Representatives from the University of Maryland, the Chesapeake Bay Foundation and the Oyster Recovery Partnership laid out several ways to bring back the bay's moribund oyster population at a hearing yesterday before the House of Delegates Environmental Matters Committee. The committee is expected to consider legislation focusing on restoring the bay's native oysters, which filter the bay's increasingly polluted water and build reefs that provide crucial habitat for fish and other bay life.
"Oysters are a must if we are serious about cleaning up the bay overall," said Stephanie Reynolds, a fisheries scientist with the Chesapeake Bay Foundation. "The population is so decimated right now that it's probably not likely to come back on its own."
Reynolds said the bay needs the assistance of the hatchery at the University of Maryland Center for Environmental Science's Horn Point Laboratory. Horn Point has ramped up its efforts considerably in the past six years, going from 15 million baby oysters planted in the bay in 2000 to more than 350 million planted last year.
The oysters are divided into sanctuaries, harvest bars and managed reserves, a hybrid of the two where oysters remain on bars for four years before being opened to watermen for harvest.
Reynolds said the foundation would like to see an increased emphasis on planting in sanctuaries, as well as increased enforcement from the Maryland Department of Natural Resources police in patrolling the sanctuaries.

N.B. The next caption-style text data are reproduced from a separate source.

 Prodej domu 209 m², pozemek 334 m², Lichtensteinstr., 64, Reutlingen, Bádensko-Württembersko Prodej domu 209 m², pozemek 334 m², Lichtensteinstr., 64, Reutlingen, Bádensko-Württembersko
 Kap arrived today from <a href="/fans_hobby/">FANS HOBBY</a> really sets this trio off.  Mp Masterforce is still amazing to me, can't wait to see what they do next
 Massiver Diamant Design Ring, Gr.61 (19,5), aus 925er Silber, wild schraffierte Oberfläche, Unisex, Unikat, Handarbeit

It takes years of labor and a lot of money to establish a sanctuary, but one waterman can hit a restored oyster bar and clean out the whole crop very quickly.

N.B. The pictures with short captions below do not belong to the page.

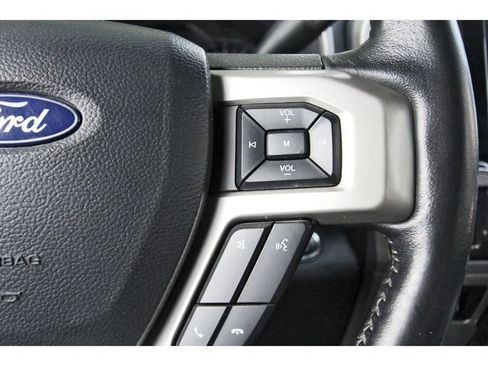 Used 2022 Ford F350 Lariat w/ Lariat Ultimate Package AWD/4WD image 19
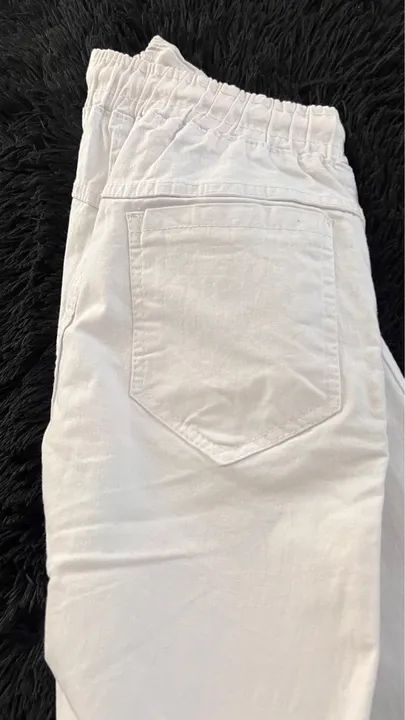 Calça branca de tecido  sarja grosso. Nova 70 - Foto 2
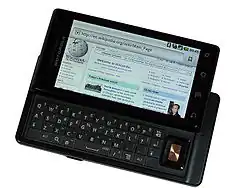 Motorola Droid&nbsp;(en), un coulissant QWERTY large.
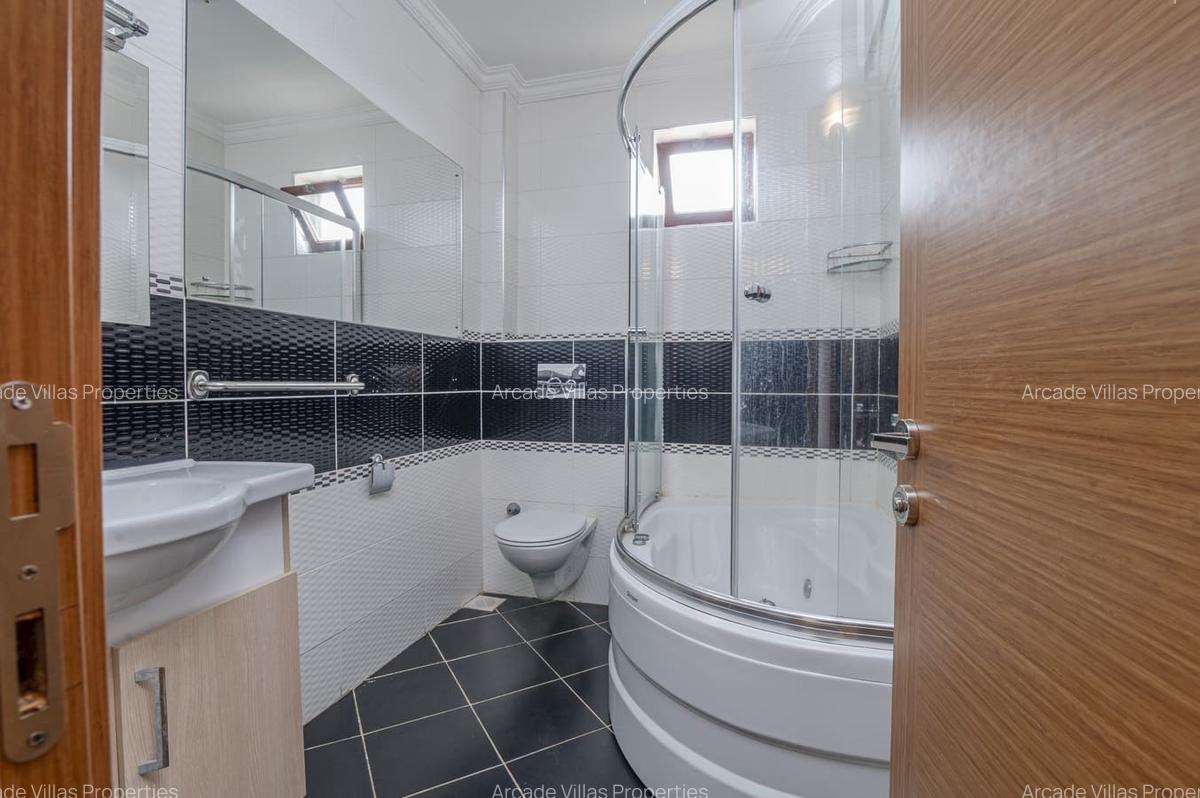 3 Bed Apartment with En Suite in Kileleshwa - 10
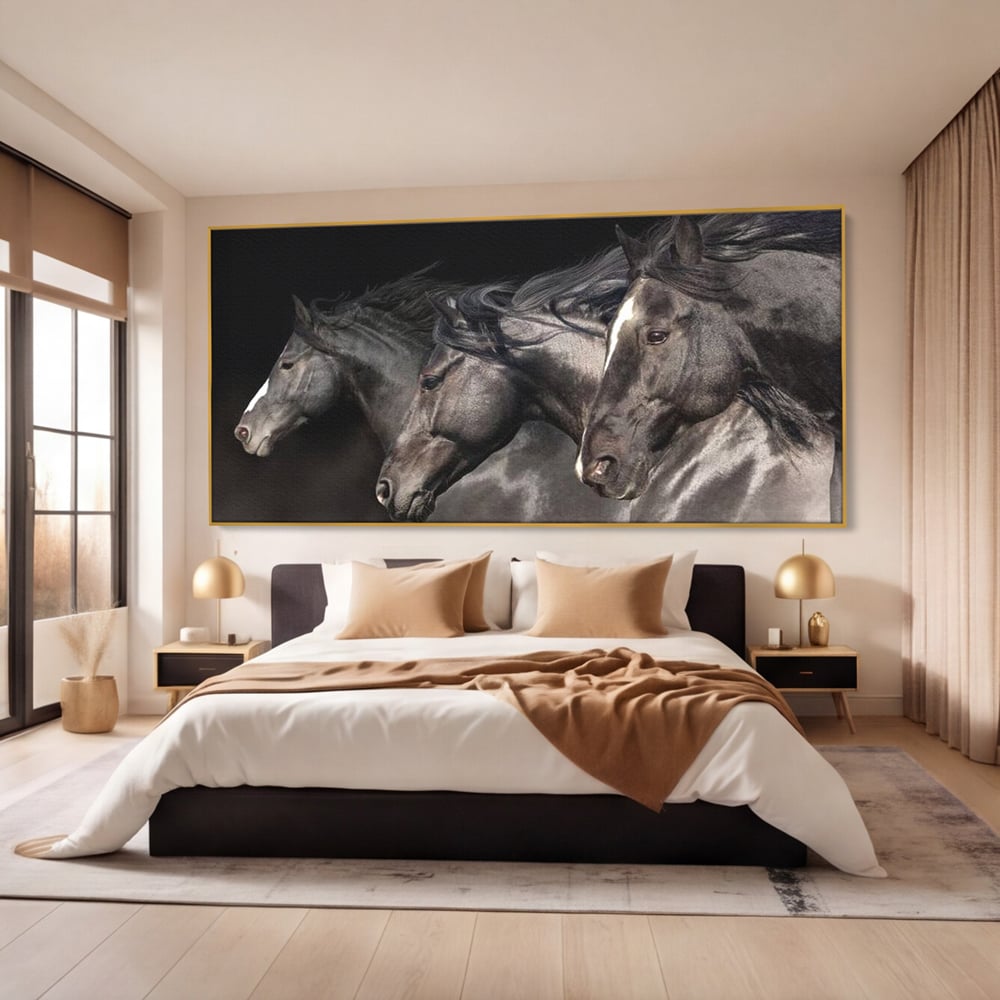 Tablou canvas cu tablou canvas cu trei cai negri in galop, in rama de aluminiu auriu, pe perete intr-un dormitor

Donald F. Boesch, president of University of Maryland Center for Environmental Science, said his institution has made a lot of progress in oyster restoration, but it has come in "fits and starts" due to delays in funding. The hatchery staff would like to produce a billion oysters a year, which scientists believe could give the population enough of a jump-start to replenish itself on its own over time. But, Boesch said, that effort has been hamstrung by a two-year delay in state funding to build a dock that would increase the hatchery's capacity.